Details
-
Bug
-
Status: Open
-
Critical
-
Resolution: Unresolved
-
None
-
None
-
None
Description
i generated a parquet file using a protobuf with this proto definition:
message IndexPath { // Index of item in path. repeated int32 index = 1; } message SomeEvent { // truncated/obfuscated wrapper optional IndexPath client_position = 1; }
this gets translated to the following parquet schema using the new compliant schema for lists:
message SomeEvent { optional group client_position = 1 { optional group index (LIST) = 1 { repeated group list { required int32 element; } } } }
this causes parquet-cli cat to barf on a file containing these events:
java.lang.RuntimeException: Failed on record 0
at org.apache.parquet.cli.commands.CatCommand.run(CatCommand.java:86)
at org.apache.parquet.cli.Main.run(Main.java:157)
at org.apache.hadoop.util.ToolRunner.run(ToolRunner.java:76)
at org.apache.parquet.cli.Main.main(Main.java:187)
Caused by: java.lang.ClassCastException: required int32 element is not a group
at org.apache.parquet.schema.Type.asGroupType(Type.java:248)
at org.apache.parquet.avro.AvroRecordConverter.newConverter(AvroRecordConverter.java:284)
at org.apache.parquet.avro.AvroRecordConverter.newConverter(AvroRecordConverter.java:228)
at org.apache.parquet.avro.AvroRecordConverter.access$100(AvroRecordConverter.java:74)
at org.apache.parquet.avro.AvroRecordConverter$AvroCollectionConverter$ElementConverter.<init>(AvroRecordConverter.java:539)
at org.apache.parquet.avro.AvroRecordConverter$AvroCollectionConverter.<init>(AvroRecordConverter.java:489)
at org.apache.parquet.avro.AvroRecordConverter.newConverter(AvroRecordConverter.java:293)
at org.apache.parquet.avro.AvroRecordConverter.<init>(AvroRecordConverter.java:137)
at org.apache.parquet.avro.AvroRecordConverter.newConverter(AvroRecordConverter.java:284)
at org.apache.parquet.avro.AvroRecordConverter.<init>(AvroRecordConverter.java:137)

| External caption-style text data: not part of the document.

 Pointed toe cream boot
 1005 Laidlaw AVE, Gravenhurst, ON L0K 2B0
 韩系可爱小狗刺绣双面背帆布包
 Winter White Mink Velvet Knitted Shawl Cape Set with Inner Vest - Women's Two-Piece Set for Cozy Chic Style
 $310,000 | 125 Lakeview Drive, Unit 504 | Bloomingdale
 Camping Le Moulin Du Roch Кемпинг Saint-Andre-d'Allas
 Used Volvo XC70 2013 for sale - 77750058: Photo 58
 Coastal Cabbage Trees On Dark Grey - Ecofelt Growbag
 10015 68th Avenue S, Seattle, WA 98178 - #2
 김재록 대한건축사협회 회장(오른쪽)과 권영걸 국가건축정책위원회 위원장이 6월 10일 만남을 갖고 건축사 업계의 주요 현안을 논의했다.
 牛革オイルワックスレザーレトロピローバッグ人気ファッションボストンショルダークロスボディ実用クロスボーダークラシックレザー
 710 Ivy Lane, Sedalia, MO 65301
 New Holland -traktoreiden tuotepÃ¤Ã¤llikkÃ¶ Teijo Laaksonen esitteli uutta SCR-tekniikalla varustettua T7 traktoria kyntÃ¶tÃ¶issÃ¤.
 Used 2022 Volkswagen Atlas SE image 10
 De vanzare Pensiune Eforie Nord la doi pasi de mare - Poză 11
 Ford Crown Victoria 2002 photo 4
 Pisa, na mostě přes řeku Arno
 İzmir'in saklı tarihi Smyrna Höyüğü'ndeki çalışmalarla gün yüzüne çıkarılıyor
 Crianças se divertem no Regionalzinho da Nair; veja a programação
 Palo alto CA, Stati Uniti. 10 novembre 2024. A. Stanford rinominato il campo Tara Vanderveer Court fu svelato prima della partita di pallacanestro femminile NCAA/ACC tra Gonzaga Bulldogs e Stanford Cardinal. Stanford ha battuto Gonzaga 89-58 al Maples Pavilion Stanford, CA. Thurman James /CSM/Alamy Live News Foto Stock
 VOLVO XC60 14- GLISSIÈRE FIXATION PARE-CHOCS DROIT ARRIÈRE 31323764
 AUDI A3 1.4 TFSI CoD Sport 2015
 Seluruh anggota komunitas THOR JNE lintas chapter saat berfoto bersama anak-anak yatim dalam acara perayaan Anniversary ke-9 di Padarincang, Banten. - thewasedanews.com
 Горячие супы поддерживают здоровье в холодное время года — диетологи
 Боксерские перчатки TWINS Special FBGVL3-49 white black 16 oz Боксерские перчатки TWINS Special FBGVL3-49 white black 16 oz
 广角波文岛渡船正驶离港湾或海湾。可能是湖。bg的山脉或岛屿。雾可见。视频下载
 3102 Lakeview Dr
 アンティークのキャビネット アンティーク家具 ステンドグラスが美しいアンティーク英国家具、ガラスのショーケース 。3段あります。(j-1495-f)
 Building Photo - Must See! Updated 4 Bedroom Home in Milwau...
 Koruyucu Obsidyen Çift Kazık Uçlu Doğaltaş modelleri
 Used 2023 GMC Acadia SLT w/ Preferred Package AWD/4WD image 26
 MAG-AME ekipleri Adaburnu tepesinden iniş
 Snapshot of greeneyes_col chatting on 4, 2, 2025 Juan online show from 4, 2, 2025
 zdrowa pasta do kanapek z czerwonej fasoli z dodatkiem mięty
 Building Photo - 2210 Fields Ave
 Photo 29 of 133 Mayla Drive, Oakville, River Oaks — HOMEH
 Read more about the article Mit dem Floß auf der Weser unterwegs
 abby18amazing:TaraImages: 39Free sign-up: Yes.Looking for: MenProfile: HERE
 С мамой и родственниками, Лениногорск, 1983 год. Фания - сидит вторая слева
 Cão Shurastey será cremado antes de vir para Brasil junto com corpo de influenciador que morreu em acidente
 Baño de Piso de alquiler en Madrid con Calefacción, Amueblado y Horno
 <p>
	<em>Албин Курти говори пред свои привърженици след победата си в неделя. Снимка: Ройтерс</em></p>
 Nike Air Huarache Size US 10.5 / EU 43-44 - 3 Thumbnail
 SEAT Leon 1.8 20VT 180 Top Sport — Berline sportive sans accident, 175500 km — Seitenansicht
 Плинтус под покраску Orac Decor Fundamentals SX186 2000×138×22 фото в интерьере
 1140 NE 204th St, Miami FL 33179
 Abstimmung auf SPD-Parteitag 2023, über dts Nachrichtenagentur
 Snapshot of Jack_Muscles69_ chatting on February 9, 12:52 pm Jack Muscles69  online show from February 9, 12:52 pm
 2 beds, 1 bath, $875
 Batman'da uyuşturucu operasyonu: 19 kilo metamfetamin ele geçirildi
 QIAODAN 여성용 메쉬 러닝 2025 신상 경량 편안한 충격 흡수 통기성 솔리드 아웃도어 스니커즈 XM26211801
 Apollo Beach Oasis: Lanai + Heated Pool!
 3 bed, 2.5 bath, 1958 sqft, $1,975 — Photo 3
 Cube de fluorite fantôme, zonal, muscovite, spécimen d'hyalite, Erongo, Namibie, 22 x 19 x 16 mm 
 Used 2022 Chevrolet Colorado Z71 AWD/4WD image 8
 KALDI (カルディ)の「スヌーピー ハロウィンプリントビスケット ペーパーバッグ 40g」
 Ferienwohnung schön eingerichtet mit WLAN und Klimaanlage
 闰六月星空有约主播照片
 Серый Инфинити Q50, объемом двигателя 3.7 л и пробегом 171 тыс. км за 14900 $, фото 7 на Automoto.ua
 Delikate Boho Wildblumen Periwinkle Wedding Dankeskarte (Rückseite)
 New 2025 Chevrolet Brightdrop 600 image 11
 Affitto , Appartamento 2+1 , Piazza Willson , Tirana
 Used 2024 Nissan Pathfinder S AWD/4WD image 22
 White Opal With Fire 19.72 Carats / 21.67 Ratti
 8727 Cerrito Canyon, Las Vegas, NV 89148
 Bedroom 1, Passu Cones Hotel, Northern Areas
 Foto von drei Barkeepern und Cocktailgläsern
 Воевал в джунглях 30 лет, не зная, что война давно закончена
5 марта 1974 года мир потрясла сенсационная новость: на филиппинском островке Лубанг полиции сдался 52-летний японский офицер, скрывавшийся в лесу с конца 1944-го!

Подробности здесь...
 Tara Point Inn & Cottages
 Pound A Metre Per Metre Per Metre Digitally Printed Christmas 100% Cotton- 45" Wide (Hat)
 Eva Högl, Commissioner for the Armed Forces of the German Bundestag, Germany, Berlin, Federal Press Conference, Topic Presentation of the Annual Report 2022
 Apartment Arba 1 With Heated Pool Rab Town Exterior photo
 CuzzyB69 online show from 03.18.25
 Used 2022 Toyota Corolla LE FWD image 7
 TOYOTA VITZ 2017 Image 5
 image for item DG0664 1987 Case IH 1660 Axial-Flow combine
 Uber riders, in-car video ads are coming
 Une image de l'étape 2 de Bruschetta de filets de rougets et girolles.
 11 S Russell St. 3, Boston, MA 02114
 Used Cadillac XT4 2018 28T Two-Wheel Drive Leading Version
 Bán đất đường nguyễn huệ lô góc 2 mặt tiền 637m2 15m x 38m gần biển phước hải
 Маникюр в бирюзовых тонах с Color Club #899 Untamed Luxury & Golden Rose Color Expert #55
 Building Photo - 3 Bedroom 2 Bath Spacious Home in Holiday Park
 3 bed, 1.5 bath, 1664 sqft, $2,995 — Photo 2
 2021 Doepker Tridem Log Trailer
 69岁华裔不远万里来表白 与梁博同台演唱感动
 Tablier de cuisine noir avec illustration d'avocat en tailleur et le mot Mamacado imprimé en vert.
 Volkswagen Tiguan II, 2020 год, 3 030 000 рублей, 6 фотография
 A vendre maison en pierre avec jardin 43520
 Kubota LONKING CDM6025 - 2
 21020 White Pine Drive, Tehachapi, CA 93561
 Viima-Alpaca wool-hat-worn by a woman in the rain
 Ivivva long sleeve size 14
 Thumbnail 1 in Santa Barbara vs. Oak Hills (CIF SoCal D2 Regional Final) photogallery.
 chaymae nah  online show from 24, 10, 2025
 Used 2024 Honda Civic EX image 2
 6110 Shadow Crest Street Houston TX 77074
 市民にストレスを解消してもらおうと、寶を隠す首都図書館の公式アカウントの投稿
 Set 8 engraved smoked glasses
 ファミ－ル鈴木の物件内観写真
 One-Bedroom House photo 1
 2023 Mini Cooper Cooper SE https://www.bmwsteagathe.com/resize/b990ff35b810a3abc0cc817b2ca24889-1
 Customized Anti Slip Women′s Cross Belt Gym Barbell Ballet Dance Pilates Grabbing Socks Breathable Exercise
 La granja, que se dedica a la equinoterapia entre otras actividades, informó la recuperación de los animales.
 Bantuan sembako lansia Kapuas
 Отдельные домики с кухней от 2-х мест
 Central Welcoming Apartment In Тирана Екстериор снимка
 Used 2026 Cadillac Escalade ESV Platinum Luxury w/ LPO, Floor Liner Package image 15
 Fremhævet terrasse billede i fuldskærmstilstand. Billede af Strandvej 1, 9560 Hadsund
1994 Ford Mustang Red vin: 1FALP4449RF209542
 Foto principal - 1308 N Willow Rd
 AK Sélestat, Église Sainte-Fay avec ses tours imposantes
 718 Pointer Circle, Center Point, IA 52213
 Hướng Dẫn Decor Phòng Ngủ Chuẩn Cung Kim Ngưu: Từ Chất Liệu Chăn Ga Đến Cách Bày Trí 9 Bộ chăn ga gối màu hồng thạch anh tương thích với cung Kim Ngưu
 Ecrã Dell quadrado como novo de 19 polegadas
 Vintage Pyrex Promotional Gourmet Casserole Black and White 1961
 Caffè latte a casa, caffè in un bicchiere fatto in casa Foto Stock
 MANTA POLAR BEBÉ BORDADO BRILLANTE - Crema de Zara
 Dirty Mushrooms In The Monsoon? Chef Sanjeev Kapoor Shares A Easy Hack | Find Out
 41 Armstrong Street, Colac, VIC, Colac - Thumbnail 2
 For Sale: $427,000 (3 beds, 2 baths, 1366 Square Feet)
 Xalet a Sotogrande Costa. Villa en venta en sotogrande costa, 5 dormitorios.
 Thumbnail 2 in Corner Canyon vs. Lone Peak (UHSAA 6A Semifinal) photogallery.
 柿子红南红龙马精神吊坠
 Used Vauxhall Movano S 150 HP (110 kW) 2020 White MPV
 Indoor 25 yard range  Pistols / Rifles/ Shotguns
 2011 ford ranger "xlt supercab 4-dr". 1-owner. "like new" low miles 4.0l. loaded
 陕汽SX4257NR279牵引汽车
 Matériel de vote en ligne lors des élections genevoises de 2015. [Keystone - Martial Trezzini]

at org.apache.parquet.avro.AvroRecordConverter.<init>(AvroRecordConverter.java:91)
at org.apache.parquet.avro.AvroRecordMaterializer.<init>(AvroRecordMaterializer.java:33)
at org.apache.parquet.avro.AvroReadSupport.prepareForRead(AvroReadSupport.java:142)
at org.apache.parquet.hadoop.InternalParquetRecordReader.initialize(InternalParquetRecordReader.java:190)
at org.apache.parquet.hadoop.ParquetReader.initReader(ParquetReader.java:166)
at org.apache.parquet.hadoop.ParquetReader.read(ParquetReader.java:135)
at org.apache.parquet.cli.BaseCommand$1$1.advance(BaseCommand.java:363)
at org.apache.parquet.cli.BaseCommand$1$1.<init>(BaseCommand.java:344)
at org.apache.parquet.cli.BaseCommand$1.iterator(BaseCommand.java:342)
at org.apache.parquet.cli.commands.CatCommand.run(CatCommand.java:73)
... 3 more
using the old parquet-tools binary to cat this file works fine.